Oleh: Ardy Milik
Bekerja di IRGSC
Hakikat kemanusiaan kita sebagai orang NTT terus dihina lewat kiriman ratusan peti jenazah dari negeri jiran.
M.A.S Ambika yang telah memperlakukan anak bangsa Indonesia (Adelina Sa’u) laiknya binatang, malah divonis bebas oleh Pengadilan Tinggi Pulau Penang-Malaysia pada 18 April 2019.
Protes yang mengalir deras dari berbagai pihak adalah seruan tuntutan akan keadilan bagi korban.
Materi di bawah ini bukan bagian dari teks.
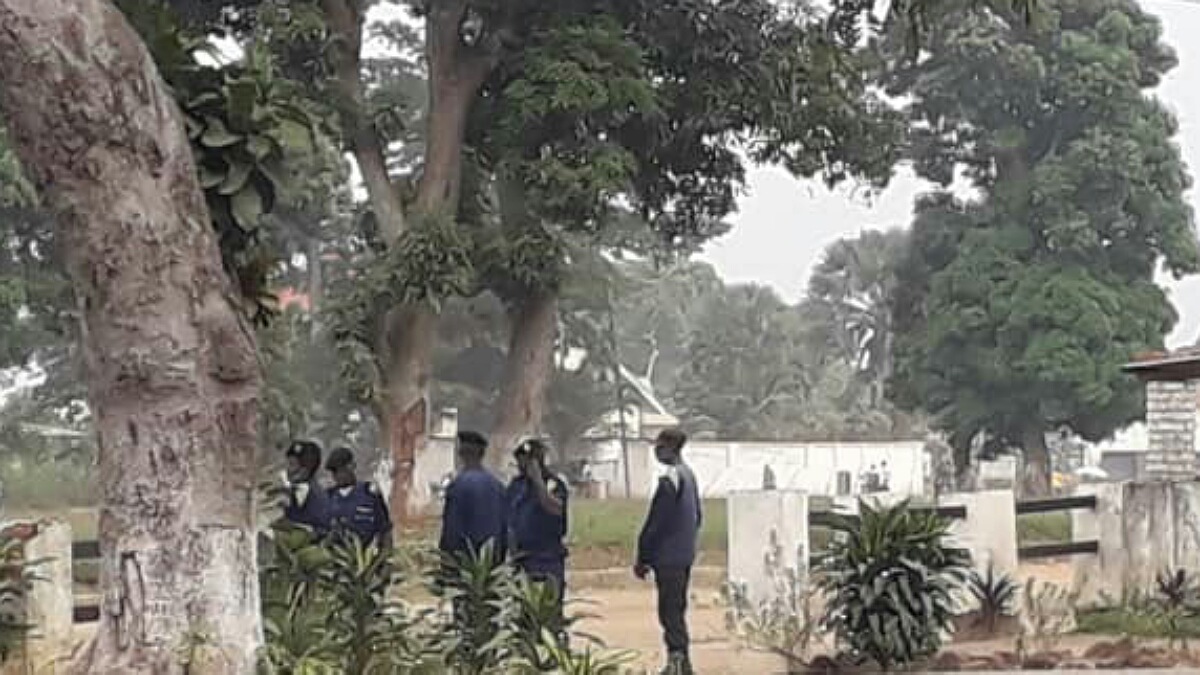 Kasaï Central : la police  empêche l’accès au gouverneur déchu Martin Kabuya aux bureaux administratifs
Aksi protes ini awalnya mendapat respon positif setelah peringatan satu tahun meninggalnya Adelina (11 Februari 2018-11 Februari 2019).
Kala itu, pihak pemerintah Malaysia melalui YB M. Kula Segaran, Menteri Sumber Daya Manusia Malaysia, meminta maaf atas kejahatan kemanusiaan tersebut dalam surat permintaan maaf kepada keluarga Adelina yang berjudul; No More Neglect of Cases like Adelina Lisao’s, Case-A War on the Issue of Human Trafficking and Forced Labour.” (https://sinodegmit.or.id/menteri-sdm-malaysia-menulis-surat-permintaan-maaf-kepada-ibunda-dari-adelina-sau-korban-tewas-tki-ntt/).
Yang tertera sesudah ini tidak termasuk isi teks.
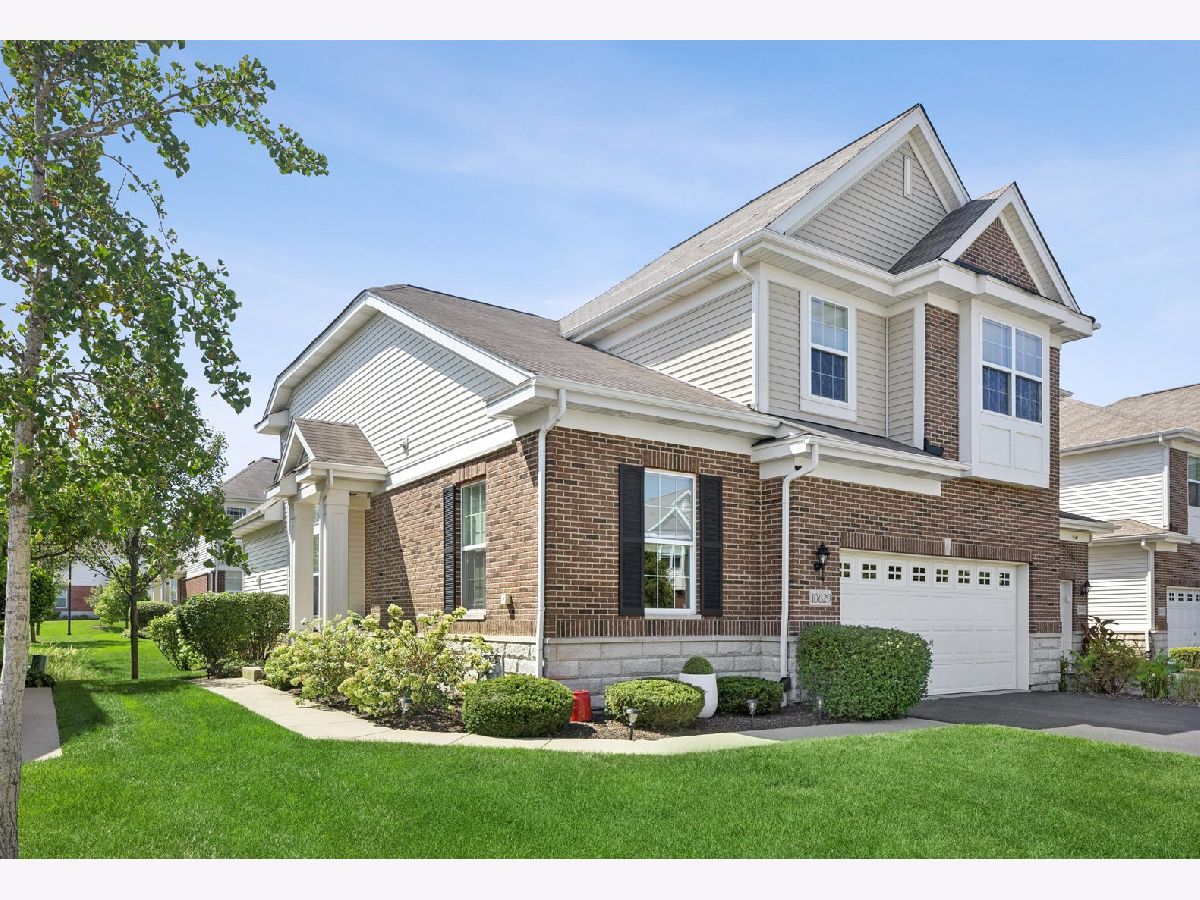 Townhomes For Sale Sheffield Square Orland Park Illinois, 10629 154th Street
Surat resmi yang berisi 10 point itu utamanya mengemukakan permintaan maaf terhadap keluarga korban, penyesalan akan kejadian yang menimpa Adelina dan kehendak untuk perbaikan regulasi ketenagakerjaan di Malaysia serta janji untuk menjamin terwujudnya keadilan dalam vonis bagi pelaku yang menyebabkan kematian Adelina di Malaysia.
Namun respon positif pihak Kementrian Sumber Daya Manusia Malaysia, berbanding terbalik dengan vonis Pengadilan Tinggi Malaysia terhadap M.A.S Ambika; majikan Adelina. Vonis bebas ini menunjukan ketidakberpihakan dalam menjamin keadilan bagi para Pekerja Migran Indonesia di negeri Jiran.
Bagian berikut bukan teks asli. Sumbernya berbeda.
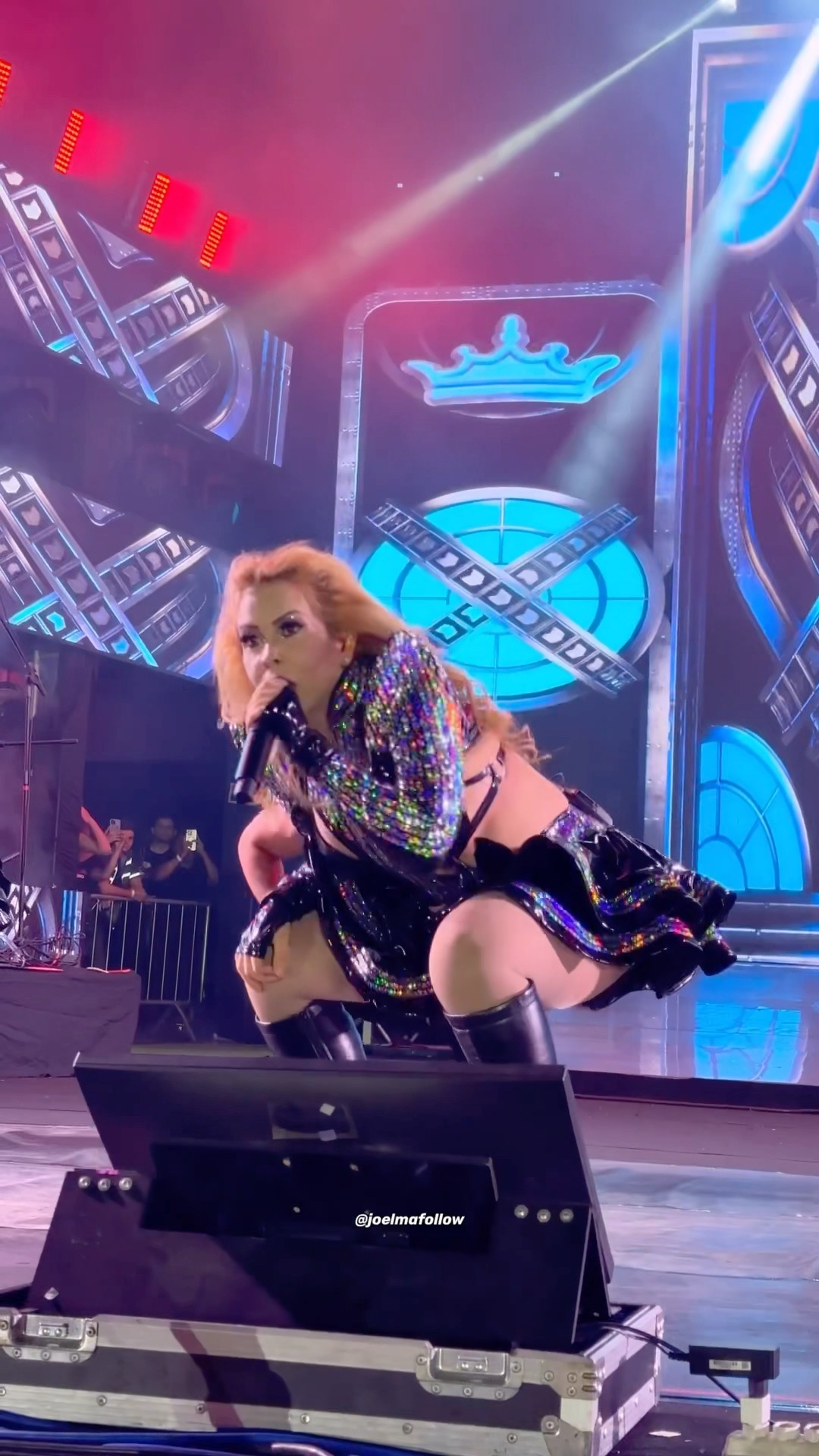 Joelma cantando Anjo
Keadilan bagi Adelina kini tinggal jargon. Harapan akan keadilan kembali muncul ketika pemerintah Indonesia melalui Kementrian Tenaga Kerja membangun komunikasi politik bilateral dengan pihak Kejaksaan Tinggi Malaysia untuk meninjau kembali vonis terhadap terdakwa M.A.S Ambika.
Pihak Kejaksaan Tinggi Malaysia berjanji akan mengajukan banding, dan menyertakan bukti yang lebih kuat terkait keterlibatan pelaku. (https://internasional.kompas.com/read/2019/05/12/15121551/terkait-kasus-adelina malaysia-respon-positif-protes-menaker-hanif).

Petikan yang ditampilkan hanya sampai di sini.